[[ AVAILABLE DATA, beginning ]]

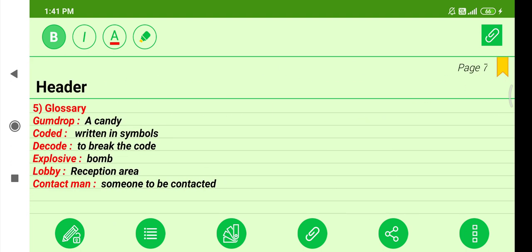Glossary: 'Gumdrop' means a candy. 'Coded' means written in symbols. 'Decode' means to break the code. 'Explosion' means a bomb. 'Lobby' means a reception area. 'Contact man' means someone to be contacted — in this lesson, the contact man was Brian Thompson.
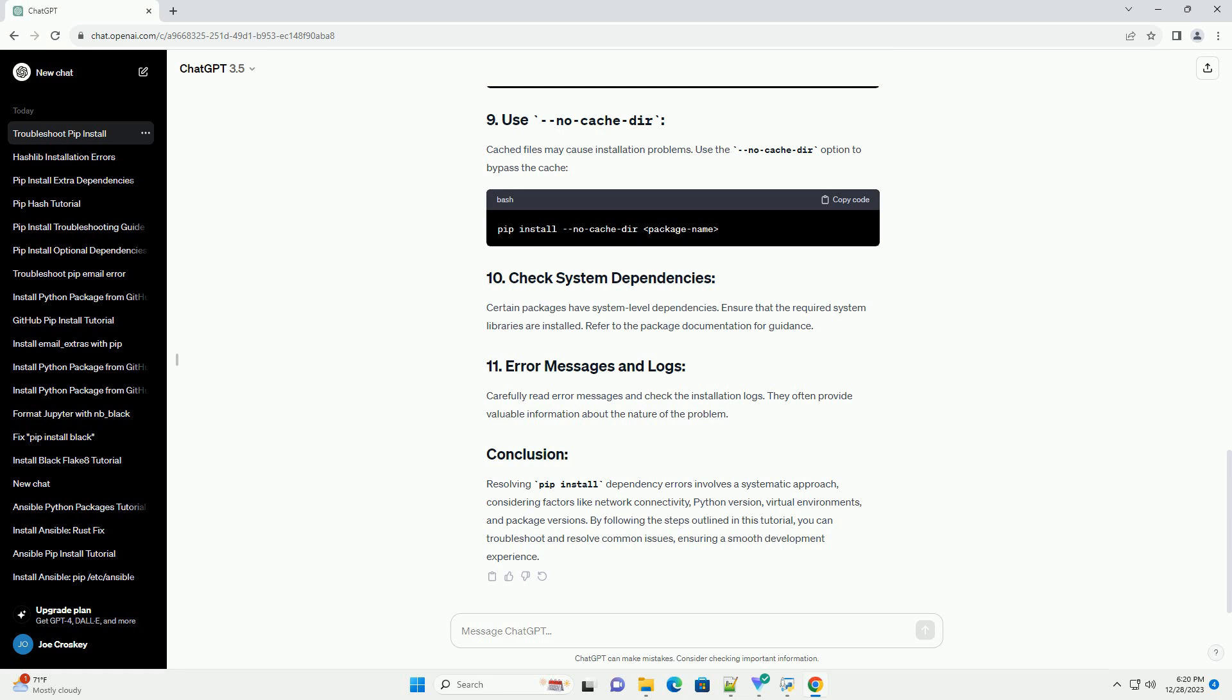Outdated versions of PIP and setup tools may lead to dependency problems. Upgrade them using the appropriate commands. Specify versions for problematic packages to avoid compatibility issues.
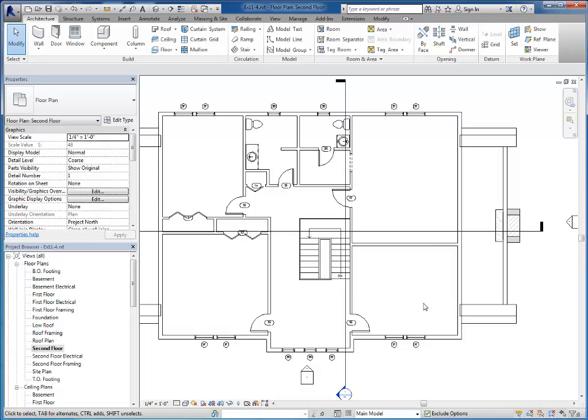So kitchen stuff remains, any appliances, built-ins, that sort of thing, but any free standing furniture needs to be taken out of your floor plan. Remember when you hide, it's only per view. So they'll still show up in your 3D renderings.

[[ AVAILABLE DATA, end ]]

■ **THE TASK**
Copy the listing exactly but drop its images.

■ **THE COMPLETED TASK**
Glossary: 'Gumdrop' means a candy. 'Coded' means written in symbols. 'Decode' means to break the code. 'Explosion' means a bomb. 'Lobby' means a reception area. 'Contact man' means someone to be contacted — in this lesson, the contact man was Brian Thompson.
Outdated versions of PIP and setup tools may lead to dependency problems. Upgrade them using the appropriate commands. Specify versions for problematic packages to avoid compatibility issues.
So kitchen stuff remains, any appliances, built-ins, that sort of thing, but any free standing furniture needs to be taken out of your floor plan. Remember when you hide, it's only per view. So they'll still show up in your 3D renderings.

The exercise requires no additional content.